Space to Play With was originally published with Lagom.
“Do we know anyone in New York who has space for working?” Chris Cerrone, a composer based in Brooklyn, New York, asks. After a moment of silence, Sarah Goldfeather, a violinist and singer also based in Brooklyn chimes in: “No.” We all laugh sympathetically, realizing the financial challenge of acquiring a separate workspace in New York City. For most New Yorkers, barely affordable rent is the standard. For artists and freelancers, the term ‘live/work’ is not a hip real estate description — it’s a fact of life, and it’s often a very cramped one.

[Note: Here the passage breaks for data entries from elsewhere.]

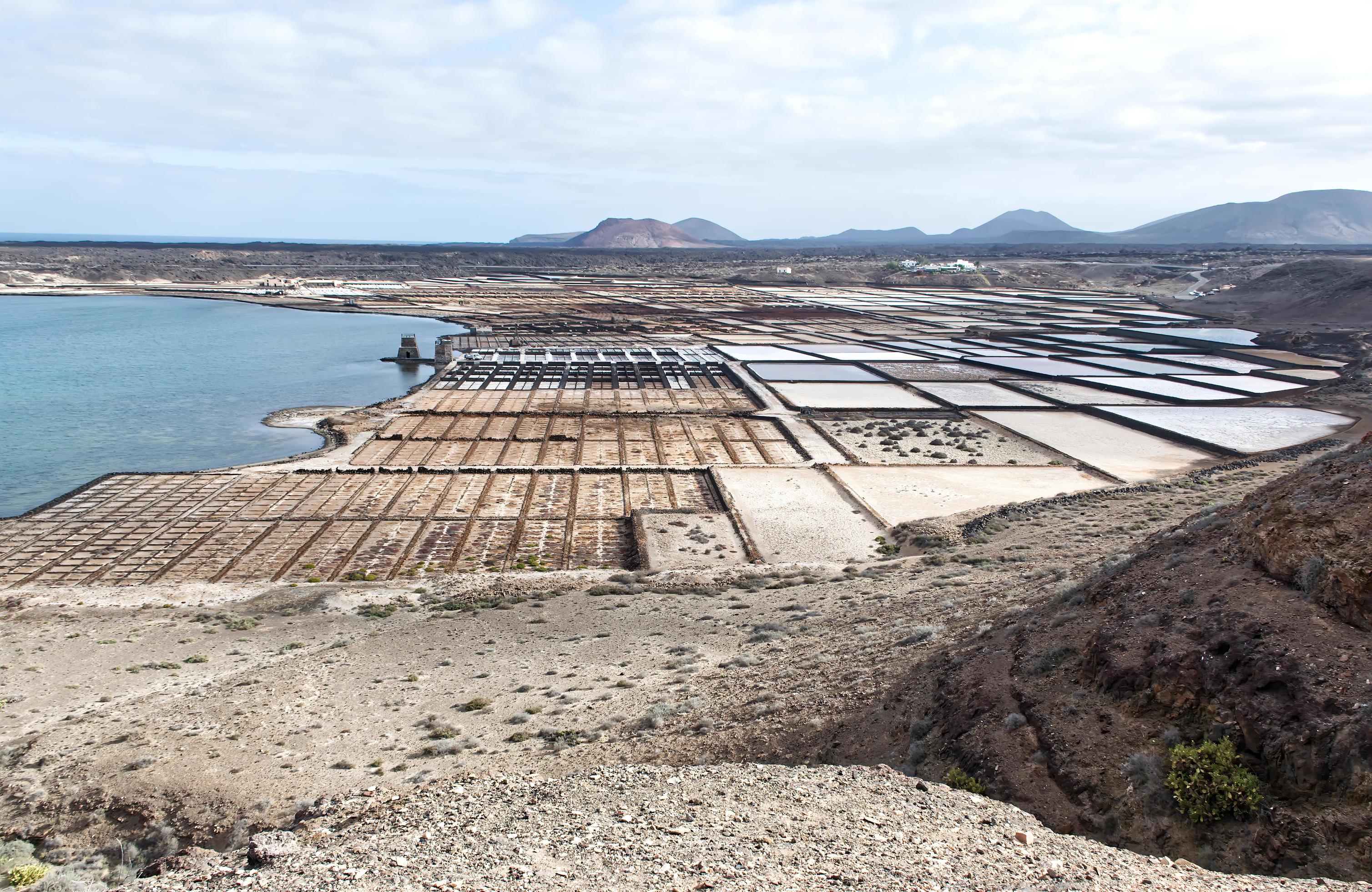 Natural salt evaporation pond on the island of Lanzarote at Salinas de Janubio, Canary Islands, Spain Stock Free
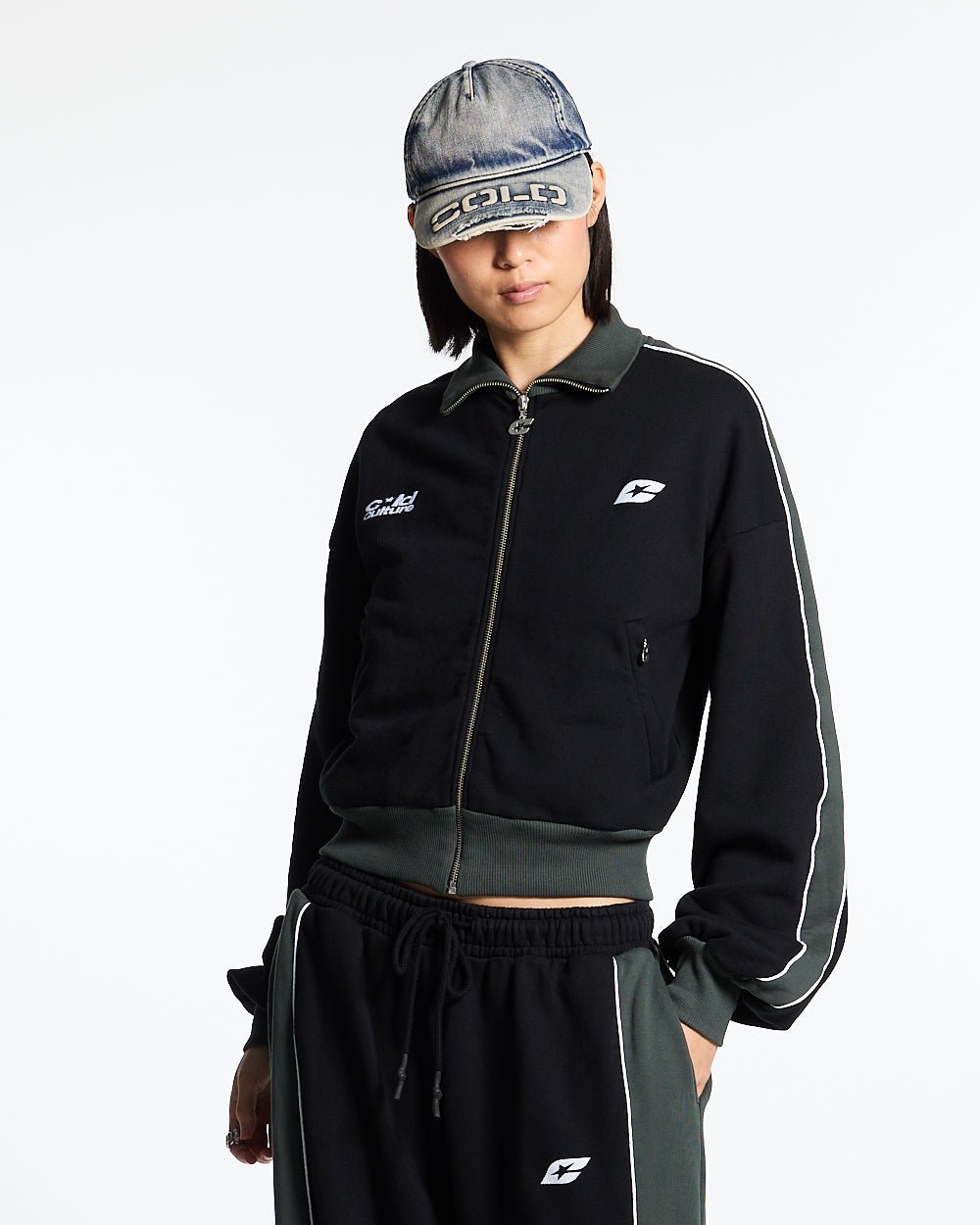 JET LAG JACKET BLACK - black and green zip-up hoodie, front view on female model - Cold Culture #woman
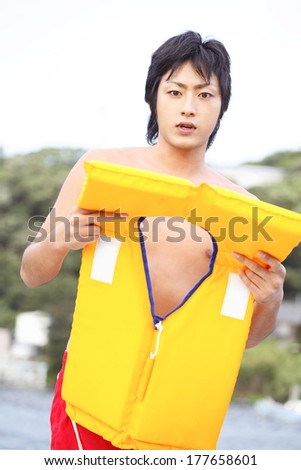 Japanese man who try to wear a life jacket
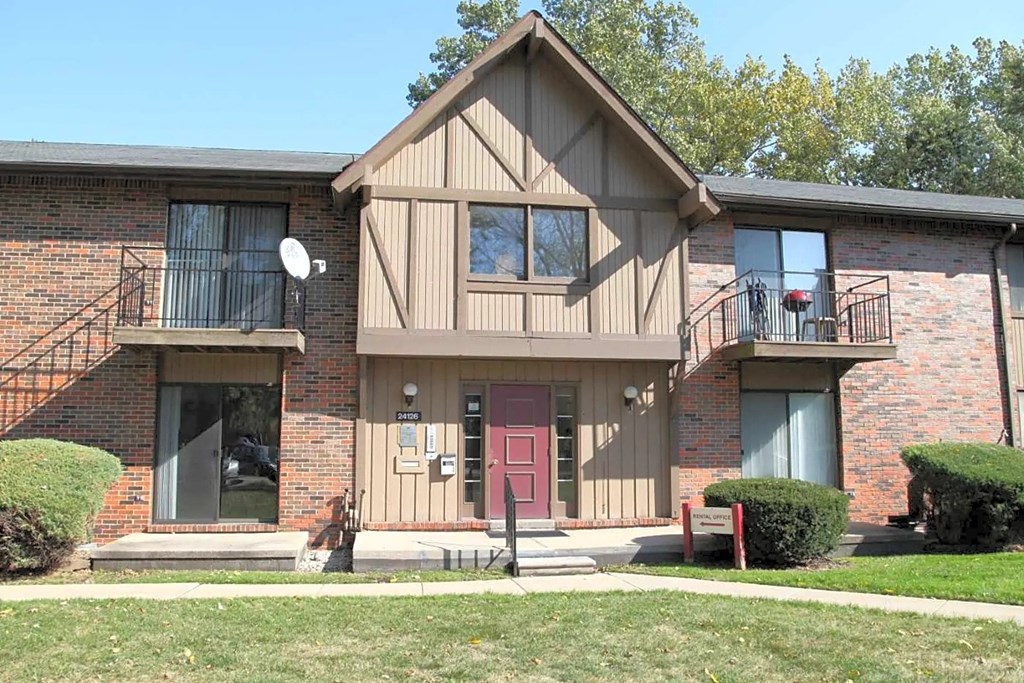 the front of a brick house with a red door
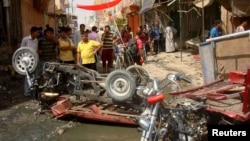 Residents view aftermath of bomb attack in a market in Diwaniya, 95 miles south of Baghdad, July 3, 2012.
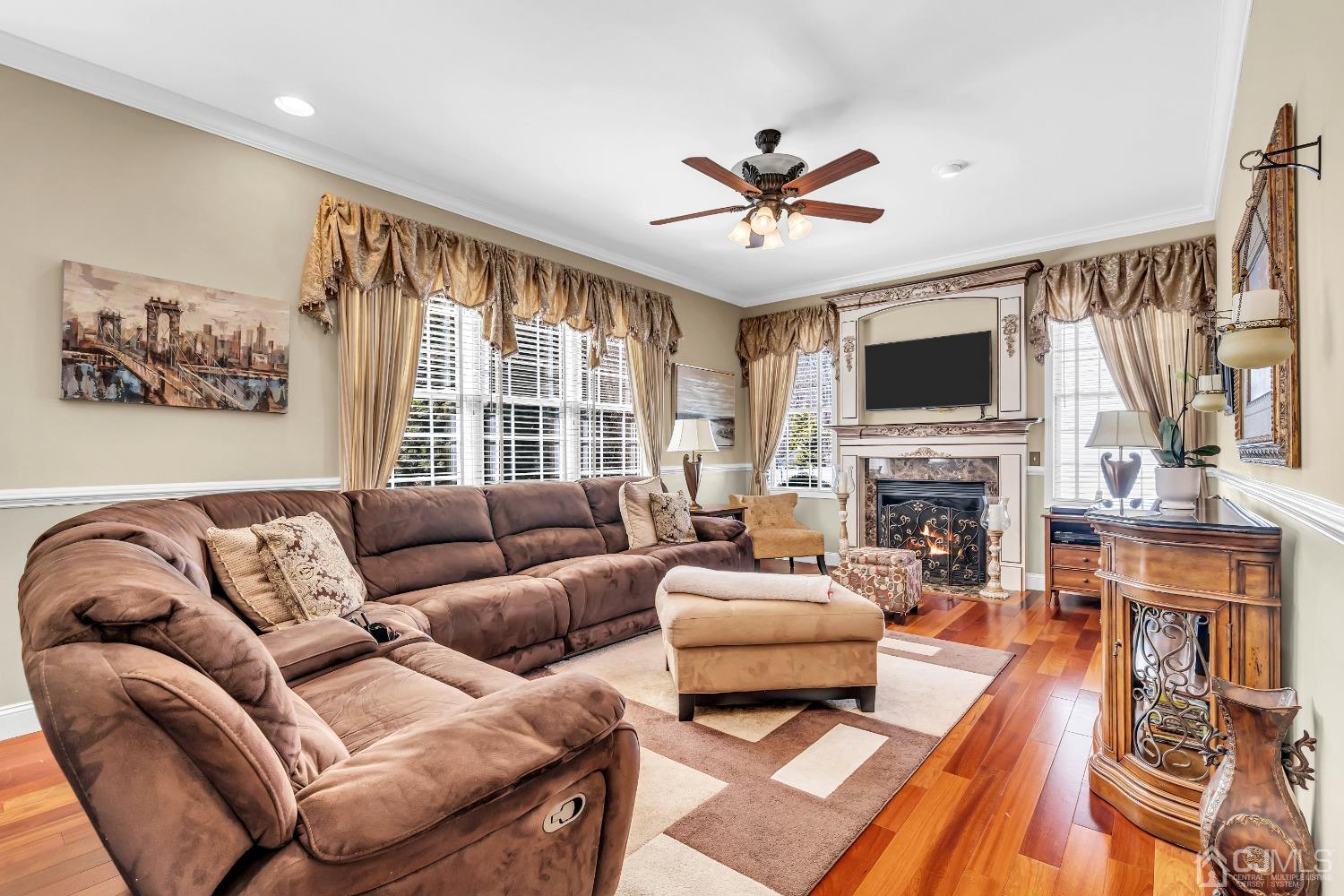 58 Stratton Road Old Bridge, NJ 07747 - Photo 17 of 44 a living room with furniture a fireplace and a flat screen tv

Karl Larson, a pianist, lives and works in Red Hook, Brooklyn, an industrial neighborhood along the East River. Larson lives on a quiet corner in an apartment shared with three roommates. His room is small, but it’s arranged efficiently, and the space is clean and bright. “When I moved to New York in 2012, I didn’t have a job or anything. I just had a bunch of artistic connections with people in the city but no guaranteed income, so I got a really cheap room, and it was a lot cheaper for me to rent a piano rather than go pay for a space. Putting the piano in the room was the only financial reality… and now it’s more of a lifestyle choice.” Larson practices anywhere from four to six hours per day during the busy seasons, so he weaves his work seamlessly into his day. Considering much of his work includes planning projects, setting up concerts, and communicating with collaborators, a separate space would be less conducive to his multitasking.

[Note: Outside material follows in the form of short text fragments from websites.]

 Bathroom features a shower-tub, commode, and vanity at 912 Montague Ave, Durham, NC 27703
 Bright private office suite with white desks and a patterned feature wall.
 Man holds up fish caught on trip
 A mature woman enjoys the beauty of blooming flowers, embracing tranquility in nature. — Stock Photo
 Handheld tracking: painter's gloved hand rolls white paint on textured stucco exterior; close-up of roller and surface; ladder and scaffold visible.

In Williamsburg, a busy Brooklyn neighborhood known for its nightlife, Vicky Chow, also a pianist, lives in a first-floor open railroad apartment with her dog Lola. Her piano exists in the living space between her bedroom and kitchen. If New York apartments are stepping stone, Chow is well on her way: her previous apartment in the Upper West Side was half the size with an open floor plan, so the only space for her upright piano was in the kitchen. Chow shares Larson’s feelings, stating, “It’s really more space and financial reasons, but even if I had the choice I don’t know if I would get a separate space. I know for some people it feels better if their work is outside their home, but I’ve always had erratic working schedules.”

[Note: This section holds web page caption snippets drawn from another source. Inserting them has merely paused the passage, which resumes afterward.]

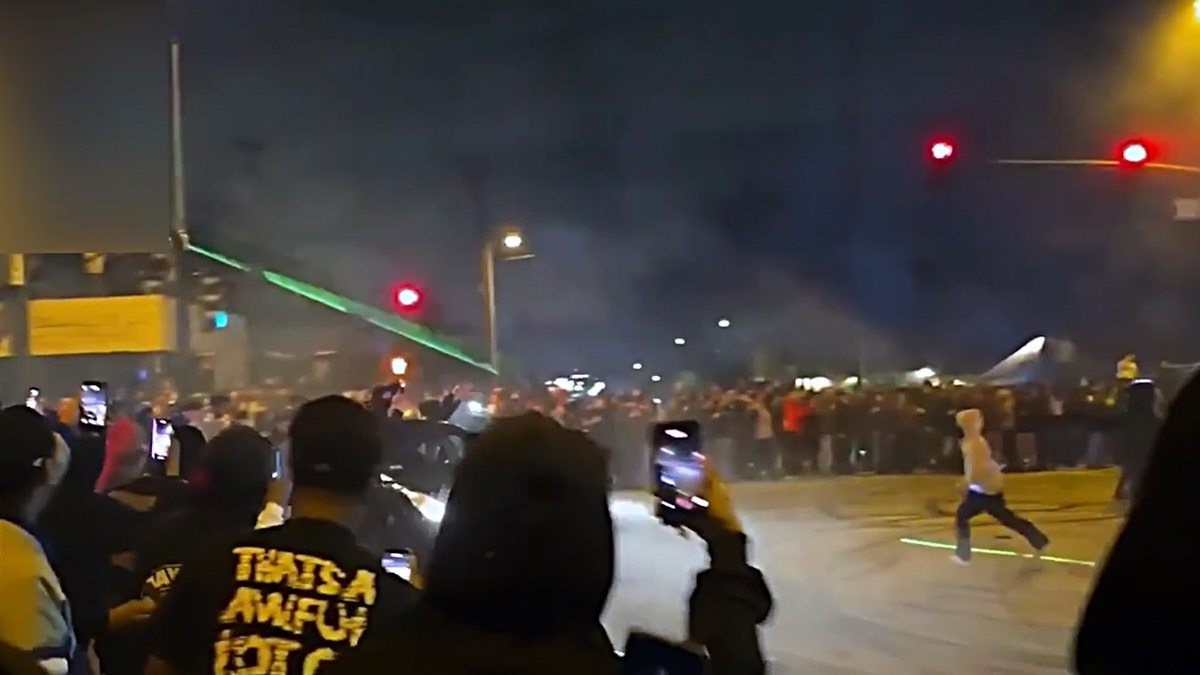 Onlookers record a car doing donuts in an intersection.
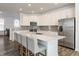 Modern kitchen with stainless steel appliances, a large island with seating, and bright white cabinets at 6953 Equality Blvd, Carmel, IN 46033
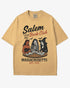 Flat lay mustard-colored 'Salem Book Club Massachusetts 1692' shirt with retro Halloween graphic of a devil, skeleton, and witch sitting together reading at a table.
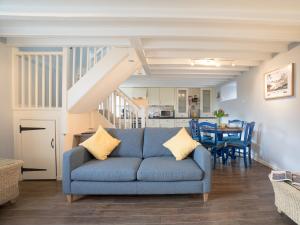 a living room with a blue couch and a kitchen at Cuthbert Cottage in Craster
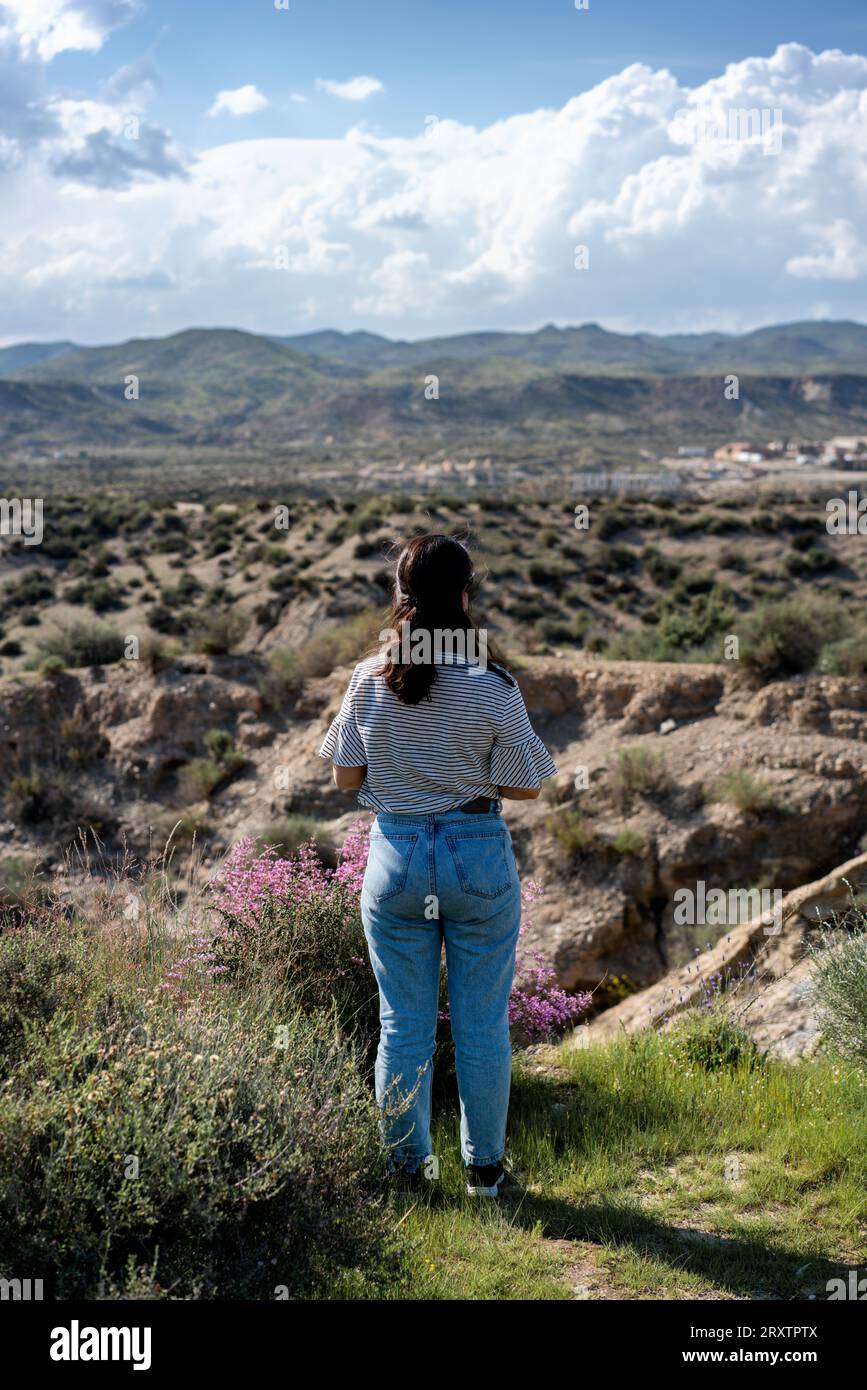 Jeune femme regardant le désert de Tabernas par une journée ensoleillée, Almeria, Andalousie, Espagne, Europe Banque D'Images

Despite the blurry live/work lifestyle, Larson and Cerrone find equilibrium considering their space constraints. Cerrone, who lives in Bed-Stuy, states, “I’m a very social person in general — the rare extroverted artist. Evenings are fun, days are for work. The balance is essential.”
Larson values neighborhood friends who are not musicians, and he takes advantage of what New York offers as an escape. Alternatively, Goldfeather, also based in Bed-Stuy, finds the line difficult to distinguish: “It’s like how you’re not supposed to do anything in your bed except sleep, otherwise you associate your bed with doing other things… if you’re always working from your apartment you associate your apartment with working and it’s hard to stop.” While a separate space would bring a sense of efficiency during an allotted work time, the disadvantages include working out a schedule, as most practice spaces are shared. Goldfeather admits a separate workspace is a foreign idea.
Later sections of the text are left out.